このレビューはネタバレを含みます
今敏監督の「パプリカ」や「千年女優」は観てたけど、これは観てなかった。あらすじやポスタービジュアルが「好みではなさそう」と敬遠してたからやねん。
でも、勧められて観てみたら…すごいサイコサスペンスでメッチャ面白かったわ!監督の作品では一番好きかも。これが映画デビューって…やっぱりすごい才能溢れる監督やったんやなぁ…。
以下はネタバレ…
「アイドルがストーカーにあう」というストーリーなのかと思って見てたら、アイドル業界の闇も描かれていて、とてもリアルで引き込まれた〜。
90年代後半の「インターネット黎明期」が懐かしかったわ〜。丸文字の「〜の部屋」ってホームページ、よくあったよな。今も問題になってる「なりすまし」の恐ろしさをもう描いてるんやね。先駆的やなぁ。
あの「ドラマ」の設定もよくできてるで。アイドルである自身のアイデンティティが揺らいできて、途中から夢と現実が交錯していく…。このあたりのシームレスな展開がこの監督はとても上手いよな。「実はドラマの方が現実で、あの女刑事は精神科医で、未麻は自分のことを女優と思い込んでる殺人鬼なの?」と思ったくらい、多層的な構造になってるやん。

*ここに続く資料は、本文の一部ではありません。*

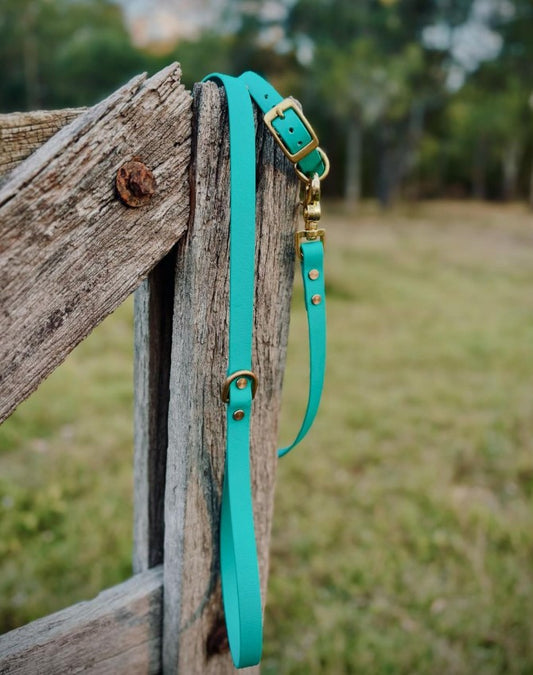 Waterproof BioThane® Classic Lead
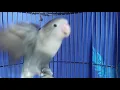 Download Lagu LB cukup 1 menit lovebird akan terpancing emosi dan ikutan bunyi ngekek gacor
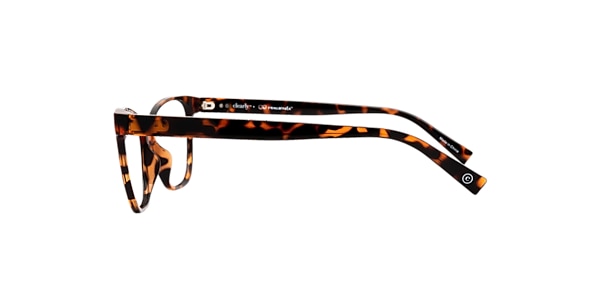 Clearly Glasses GANNET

だから、マネージャーだったルミが「幻影のミマ」になって襲い掛かってくるところで「おー」と声を出して納得した。全ての辻褄が合う。ストーカー男の犯行と、ルミの犯行があるんやね。みんな「アイドル未麻の幻影」に操られていたんやな。
ラストの未麻のセリフ「本物だよ」はどういう意味なのか?あえて「観客」に向かって言うてる。あんな恐ろしい目に遭って病んでいた未麻は、あんな事言わないと思うねん。あれは本来の「アイドルの未麻」で、この作品全てが「メタ的なストーリー」なのかも?実は「アイドルの未麻の自分語り」の妄想だった?そう考えると、いろいろと解釈も広がっていくなぁ。題名の意味もよくわからんし、とても奥深いのかも?